▶ Problem details: Below is a listing; print exactly its lines from the one containing "H&M Black Active Pants Size 12 - photo 2" down to the one containing "John-cassaubon-1950-ford-8.jpg", both inclusive, with every picture left out.

▶ Supplied records:

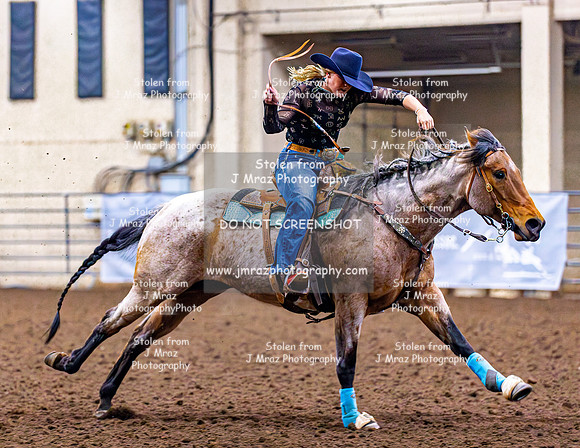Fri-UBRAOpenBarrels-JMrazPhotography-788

---

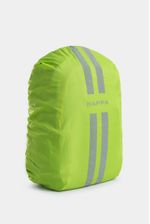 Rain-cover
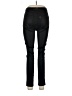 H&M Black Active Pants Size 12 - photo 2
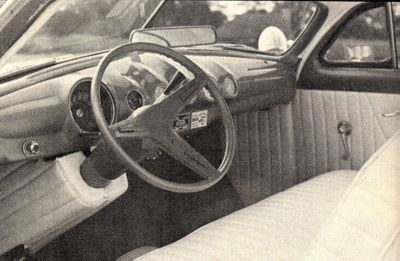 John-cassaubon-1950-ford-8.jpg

▶ Output for this task:
 H&M Black Active Pants Size 12 - photo 2
 John-cassaubon-1950-ford-8.jpg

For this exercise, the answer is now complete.